The South-west Saint Helena Important Bird Area is a 45 km2 tract of land covering about 37% of the island of Saint Helena, a British Overseas Territory in the South Atlantic Ocean. It has been identified by BirdLife International as an Important Bird Area (IBA) because it supports several colonies of breeding seabirds, including the red-billed tropicbird, as well as habitat of the endemic, and critically endangered, Saint Helena plover.
The site covers south-western Saint Helena, from Diana's Peak National Park to the mainly basaltic islets of Egg, Speery and Peaked Islands and other offshore stacks and rocks which support the seabird colonies. The four vegetation zones comprise an arid, eroded lowland below 350 m, an intermediate zone at 350–500 m of pasture and non-indigenous woodland, a moist highland zone characterised by woodland and flax plantations and, at the highest point of the island, a small remnant area of native Dicksonia fern thicket and Melanodendron cabbage trees. . The coast is dominated by sea cliffs rising mainly to between 300–570 m.

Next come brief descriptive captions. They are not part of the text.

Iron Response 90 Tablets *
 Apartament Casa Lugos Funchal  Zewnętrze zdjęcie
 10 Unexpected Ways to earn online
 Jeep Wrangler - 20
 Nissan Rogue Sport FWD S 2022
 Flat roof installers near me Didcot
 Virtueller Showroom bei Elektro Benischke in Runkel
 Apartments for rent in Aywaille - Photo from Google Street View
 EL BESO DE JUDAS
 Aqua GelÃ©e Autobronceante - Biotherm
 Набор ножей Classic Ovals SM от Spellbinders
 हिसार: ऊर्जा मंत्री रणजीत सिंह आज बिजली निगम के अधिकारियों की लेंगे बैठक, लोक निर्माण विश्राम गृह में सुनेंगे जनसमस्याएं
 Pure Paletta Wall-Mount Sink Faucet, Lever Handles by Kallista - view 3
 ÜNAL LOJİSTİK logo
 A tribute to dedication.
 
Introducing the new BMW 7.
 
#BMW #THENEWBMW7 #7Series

The islets are largely bare with some lichens and heavy guano deposits. There is an important fossil site at Sandy Bay.
Localities within the site include three Saint Helena plover breeding sites – Broad Bottom, Southern Pastures, and Man and Horse. Apart from red-billed tropicbirds, breeding seabirds include band-rumped storm petrels, Atlantic masked boobies, Atlantic sooty terns, brown and black noddies, white terns and, possibly, brown boobies.[1]